- Opening Delimiter -

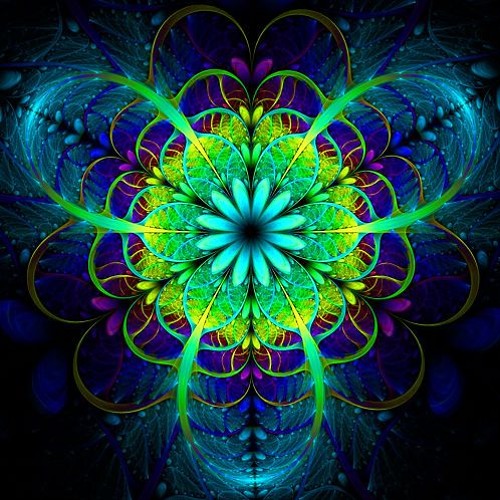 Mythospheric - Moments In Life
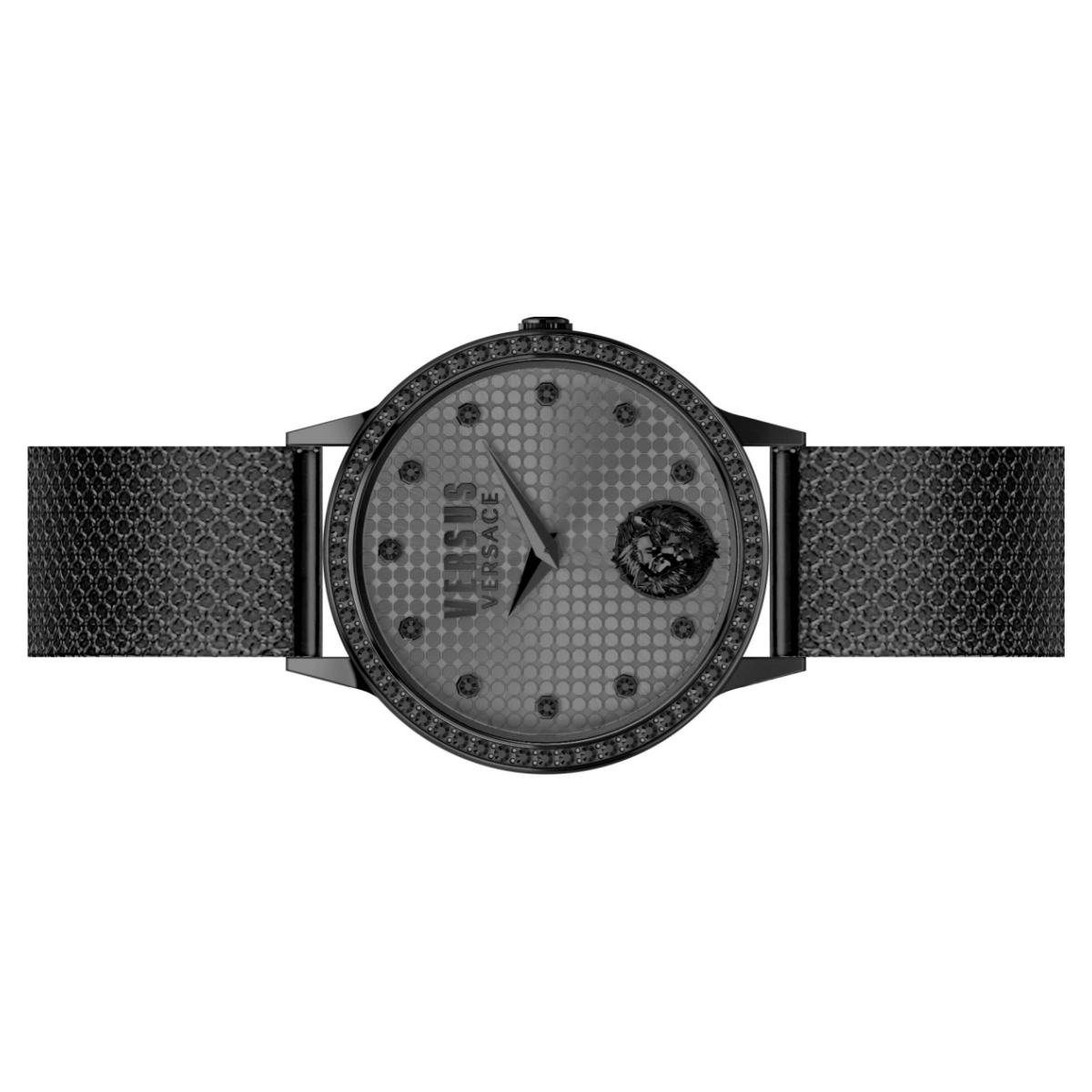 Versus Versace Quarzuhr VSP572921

- Closing Delimiter -
- Opening Delimiter -

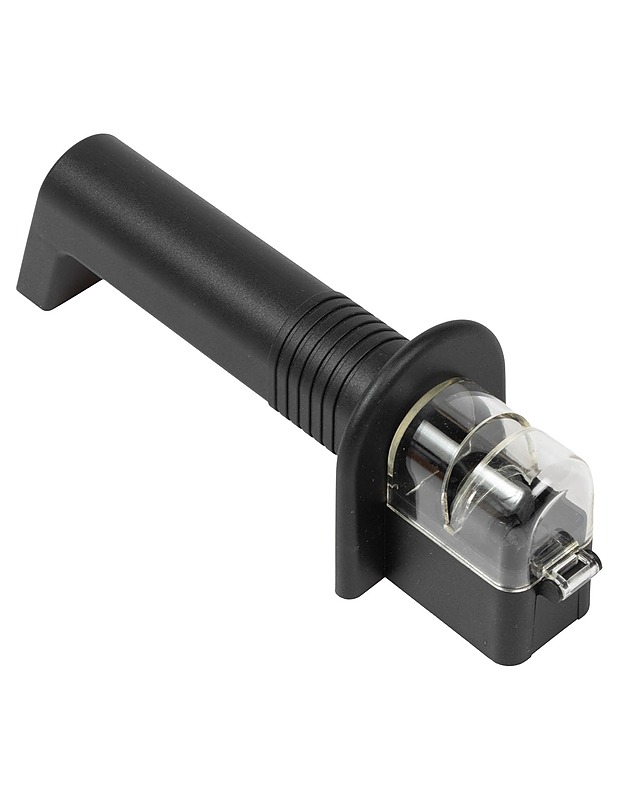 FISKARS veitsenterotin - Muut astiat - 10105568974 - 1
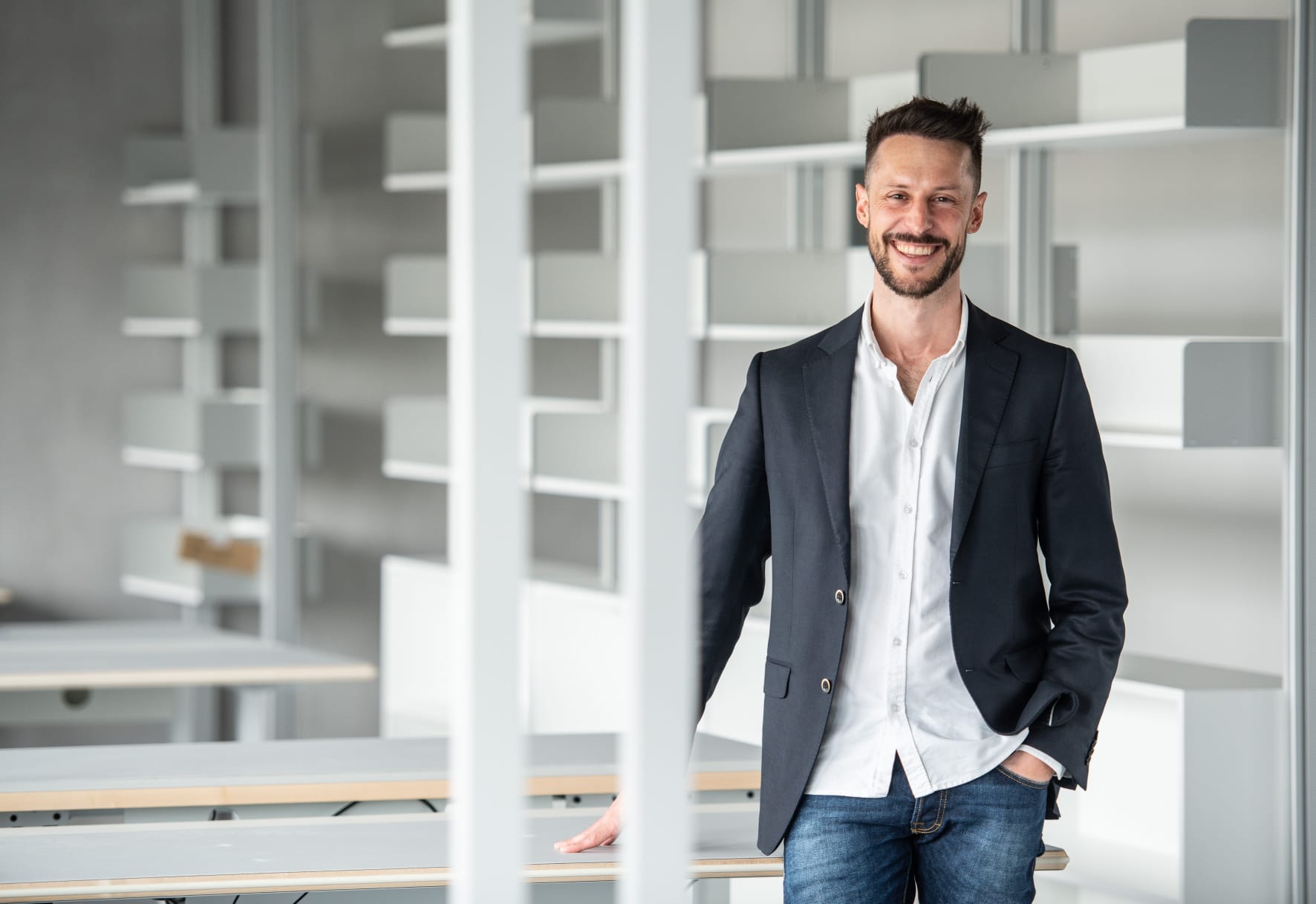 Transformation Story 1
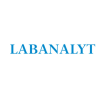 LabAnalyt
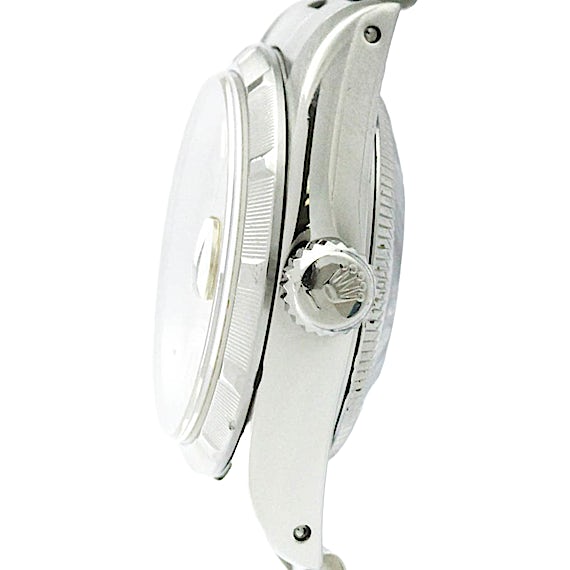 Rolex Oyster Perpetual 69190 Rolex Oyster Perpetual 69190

- Closing Delimiter -
- Opening Delimiter -

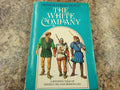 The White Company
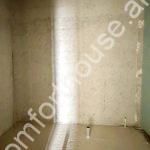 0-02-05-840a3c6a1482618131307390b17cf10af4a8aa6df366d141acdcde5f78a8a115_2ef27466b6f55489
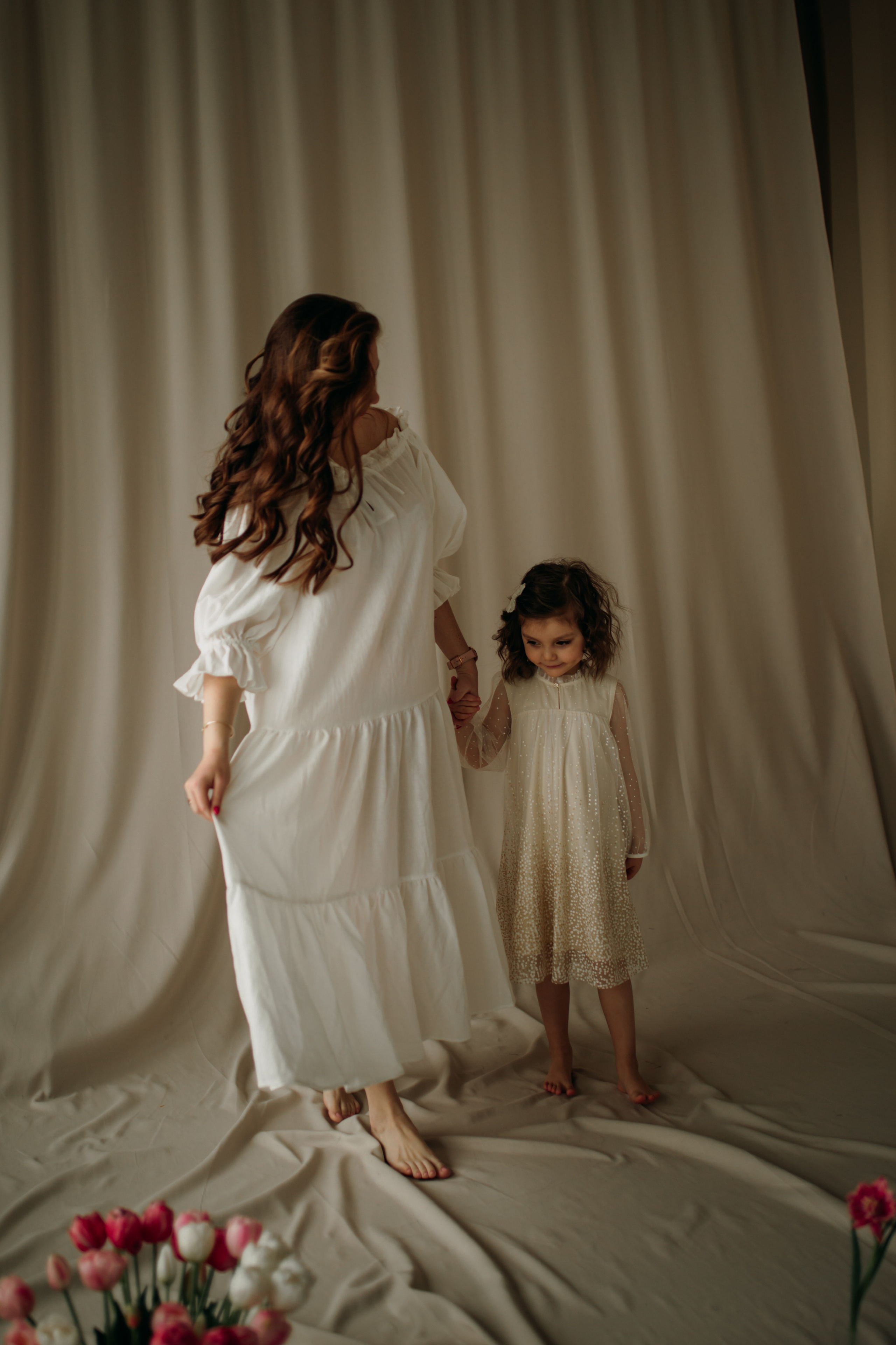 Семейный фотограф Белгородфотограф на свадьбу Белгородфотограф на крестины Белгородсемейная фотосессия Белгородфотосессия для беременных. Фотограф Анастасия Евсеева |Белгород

- Closing Delimiter -

_Task brief:_ Above are the records. Copy only the lines from the one with "Mythospheric - Moments In Life" through the one with "Versus Versace Quarzuhr VSP572921", exactly, with no pictures.

_Answer space:_
 Mythospheric - Moments In Life
 Versus Versace Quarzuhr VSP572921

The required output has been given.